Every time I think about ranking something in my life, I think about Steve Boese.
For years, he’s ranked everything from The Outsiders characters to the Founding Fathers to upgrades on airlines. If you want to know where something stands, chances are he’s written a blog post about it. Ranking things? Well, it falls squarely within the purview of Steve Boese.
So, last week, I’m in the basement reflecting on cat litter. Over the past 42 years, I’ve used just about every brand on the market. Clay. Crystal. Wheat. Newspaper. You name it, my cats have peed on it.
I’m pretty sure Steve has never ranked anything related to cats, so I offer for your consideration this unresearched, incomplete, unscientific, completely subjective, and 100% accurate list of cat litter.
10. sWheat Scoop. All kittens should use wheat-, corn- or newspaper-based litter for potty training; however, once they graduate to clay litter, they never go back. Wheat litter is better for the environment and has barely any dust, but I couldn’t bribe my adult cats to use this litter for all the tuna in the world.

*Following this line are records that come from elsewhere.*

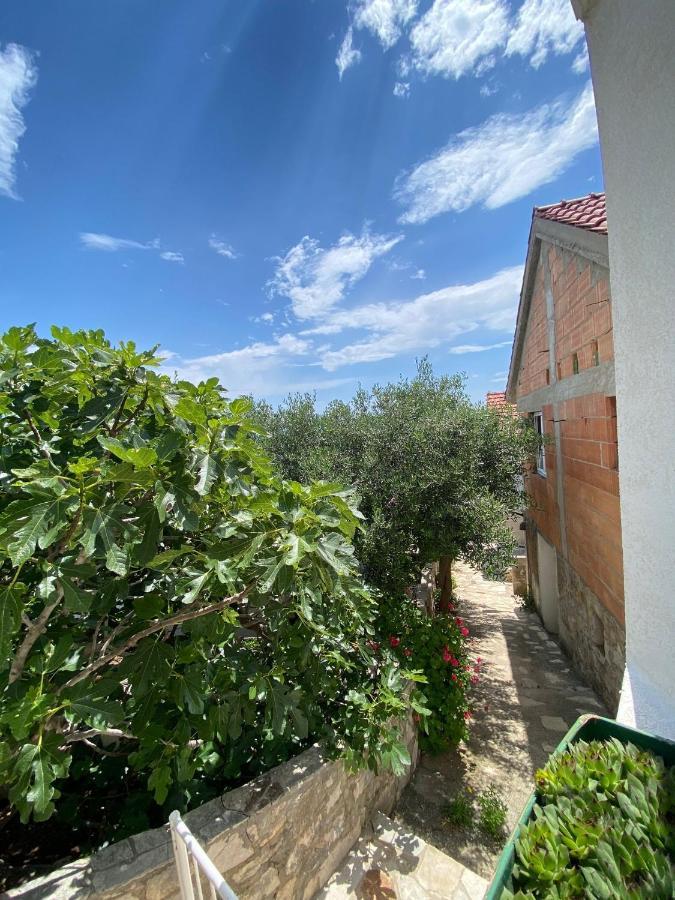 Seaside Secluded Apartments Cove Tvrdni Dolac, Hvar - 12655 Gdinj Buitenkant foto
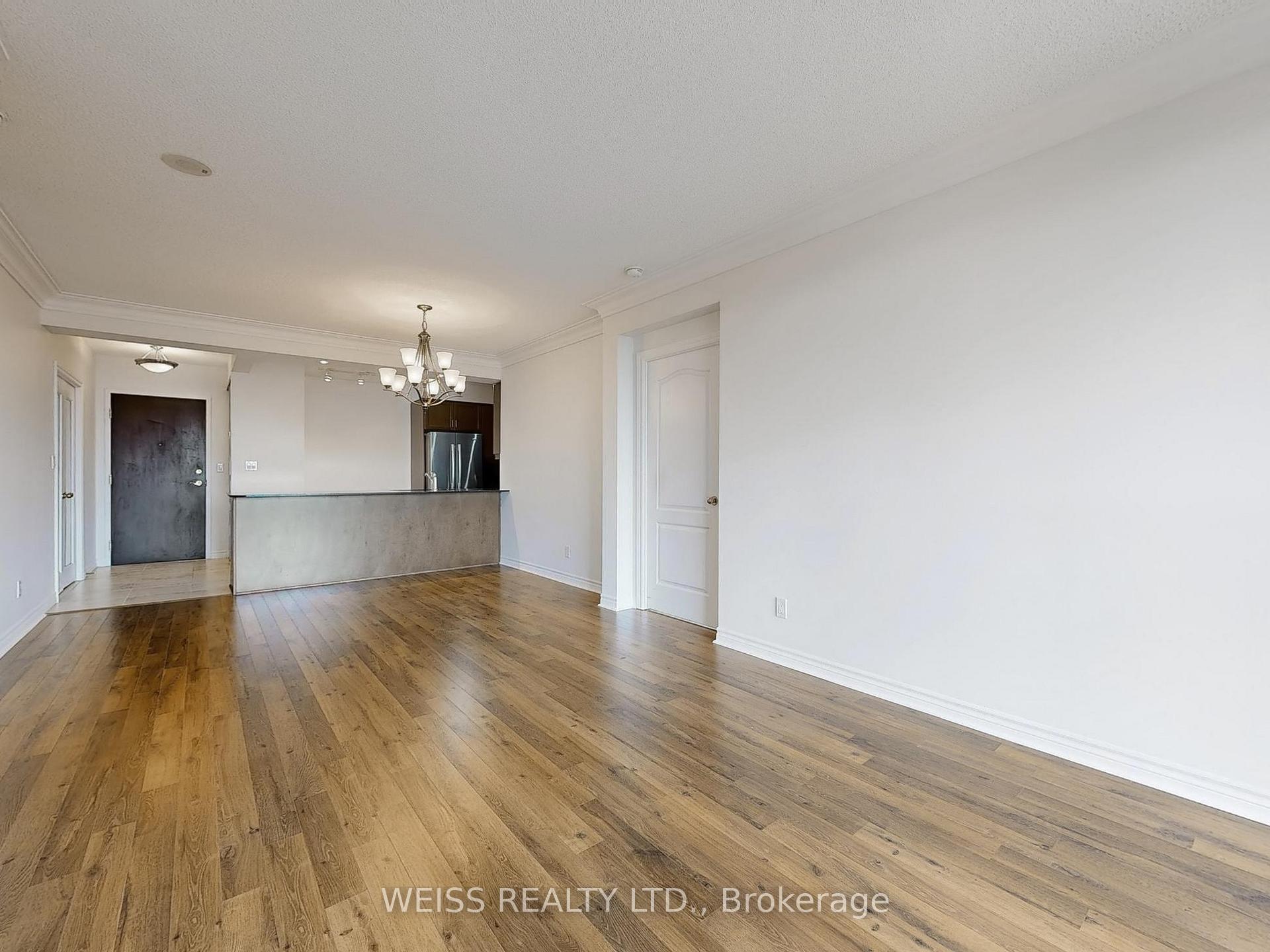3 Bedrooms Condo at 88 Promenade, Vaughan For sale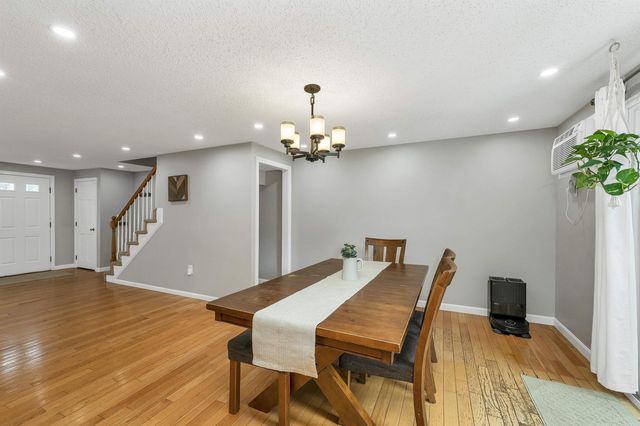 69 Fieldstone Drive, Londonderry, NH 03053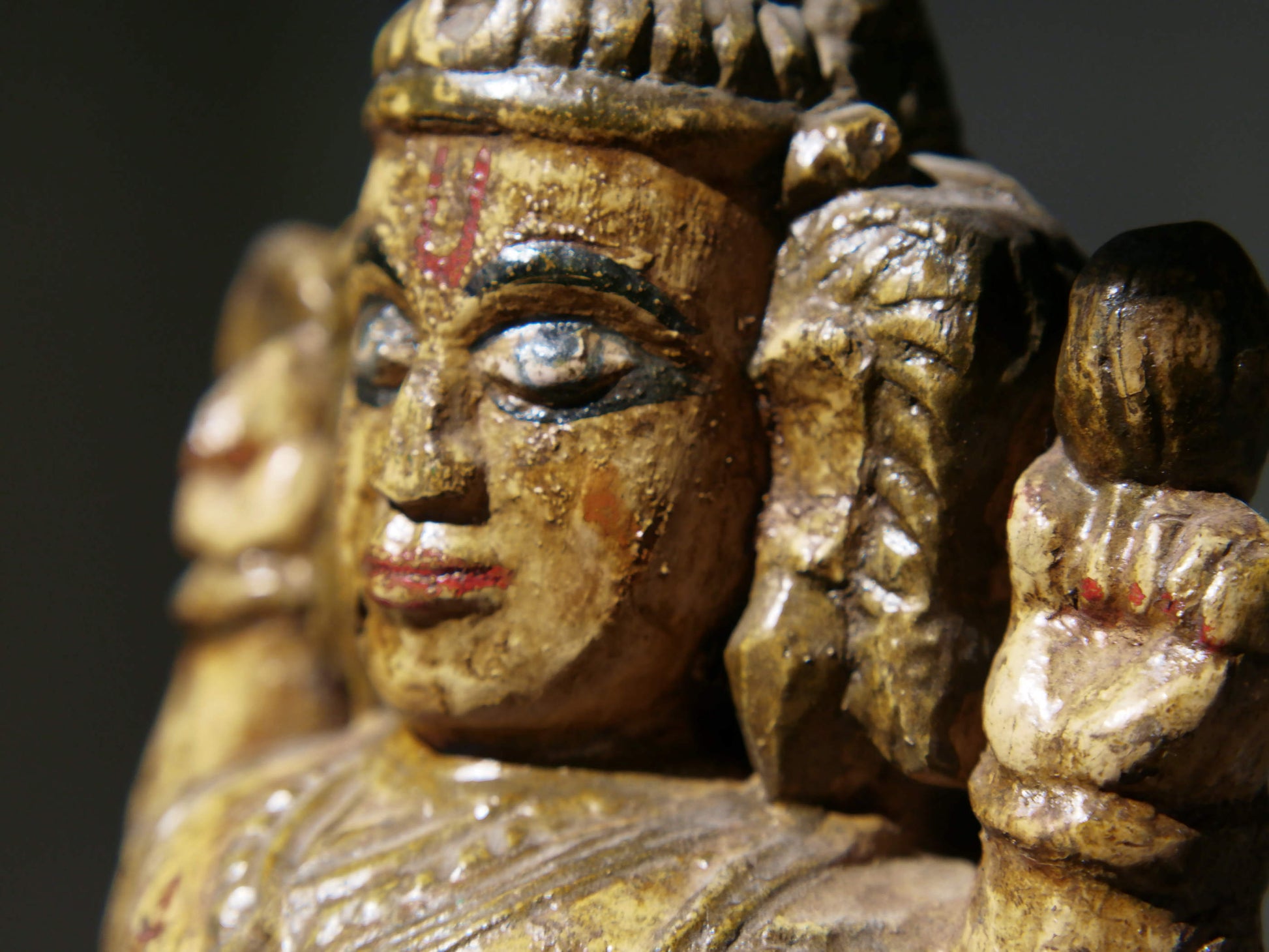 statua indiana raffigurante divinità hindù  scultura in legno laccata su base di gesso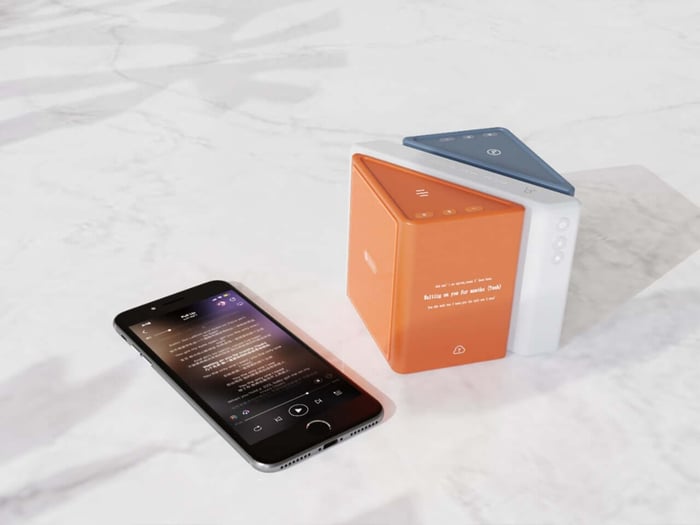 Close-up of module connection system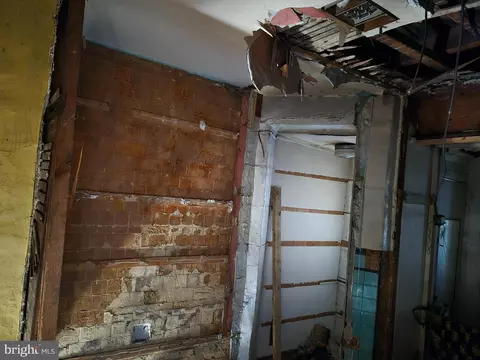 Entry Way - 1930 Frederick Ave, Baltimore, MD 21223 photo 9 of 10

9. World’s Best Cat Litter. It’s number 9, so you can see that it’s not the world’s best. I tried to get my cats to convert by using good old fashioned trickery. I stuck some of their existing urine clumps and poop in a new box of this litter. I think Molly gave it a try, but the rest were wholly unimpressed.
8. Yesterday’s News. Newspaper litter is just cool to see, but like its predecessors, it’s useless for my adult cats. Ain’t nobody got time to pee on pellets.
7. ExquisiCat® Micro Crystals. Crystal cat litter is interesting because it absorbs a lot of urine. Unfortunately, it’s expensive, and you have to use a lot for the cats to bury their poop under the crystals. I’m not a fan, and neither are most of my cats. They’ll use it, but they aren’t happy about it.
6. Boots & Barkley Scoopable Litter. As far as scoopable litters go, clay-based litter is pretty much the same everywhere. If you’re going to use a scoopable litter, use something without a scent. We liked this Target brand except that it is super-clumping and gave my cat, Jake, a condition called cement shoes. The cat litter sticks to his paws, and he can’t clean himself enough to get rid of it. It forms a hard shell on the bottom of his foot. So we had to give it up.
5. Precious Cat Dr. Elsey’s Senior Cat Litter. Speaking of Jake, he can’t breathe for shit. We decided to try this litter, which is crystal-based, to see if his breathing would improve. The cats liked it. We had it out for a week, and there was a powdery white dust everywhere in the basement including all over my cat, Roxy, who is black. Plus it was super-fine and messy. So we threw it away.
4. Ever Clean EverFresh Cat Litter with Activated Charcoal. It is probably the most popular litter I’ve ever used in my life. Even my dead cat, Scrubby, liked peeing in his box when we used it. Unfortunately, it was unbelievably dusty and hard to contain. There was a dusty haze in my basement, and I had to use an air purifier. We had to give it up.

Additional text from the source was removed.